I realized that having a blog and a discussion page is somehow confusing. That's why I moved the blog into the Discussion board. Sorry for the two comments that I had to move and are now posted under my name. I put the author in the first line of the comment though.

I am going to change some more things on the page. Mainly in terms of accessibility and usability of the individual resources. I hope overall the page will get easier to use.

The market is not ready for security data visualization!
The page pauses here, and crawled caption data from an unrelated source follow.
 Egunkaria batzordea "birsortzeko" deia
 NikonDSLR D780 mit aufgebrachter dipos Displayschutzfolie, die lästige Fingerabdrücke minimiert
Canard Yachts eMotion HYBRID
Maybe that's a bit provocative and maybe I am wrong, but let me tell you why I think that the market is not yet ready for security data visualization. If you look at the visualization space, where business intelligence (BI) and other similar technologies reside, you will find that visualization is used in areas where the underlying data is very well understood. For example for sales and marketing data. It is very simple to explain to someone what sales data is all about. People can relate to those pieces of information. They understand it.
Computer security logs are not well understood at all! How do you expect people to understand visualization of security data if nobody really understands the underlying data? What are the best ways to visualize all this data if you cannot even understand the individual textual entries?
What we have to do (and if I say 'we', I mean you guys reading this blog, you guys inerested in this topic), is to go about the problem of log analysis and visualization on a use-case by use-case basis. We cannot solve all the problems at once. Let's be very specific and show for one type of log file, one type of log entries, how they can be visualized and how that helps the user.
I would claim that the companies which have tried to play in the security visualization space have not had much success because they tried (and probably still try) to address the entire problem at once: Visualizing log files. Again, let's go use-case by use-case. Submit them here so people can learn from you and you can learn from others!
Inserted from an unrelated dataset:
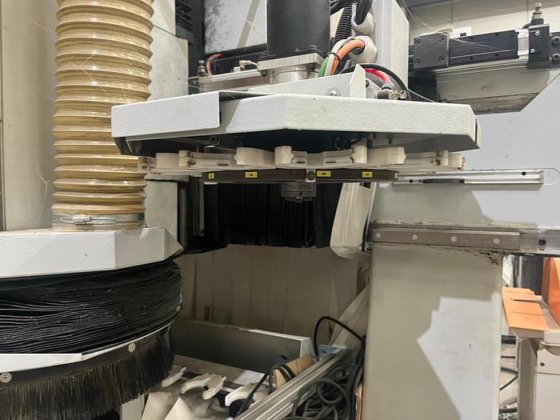 Centro de mecanizado CNC Cosmec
Combination of heatmap and sparklines

Combination of heatmap and sparklines

This graph combines a heatmap with sparklines showing the utilization of an Unix node over a year. The heatmap reflect the average values within each day, while the sparklines show the intraday trend. While not directly security-oriented, the same combination can be used to show event trends over a large period of time, for example logon events. Can easily be combined with drilldown-functionality for each day or month.

Larger resolution images?

Very cool idea here with this site. Unfortunately I can't see the data in any of the graphs thus far submitted because they are too low resolution. They look cool, and possibly useful -- I'd love to look into them more closely.

Any chance of (much) higher resolution images??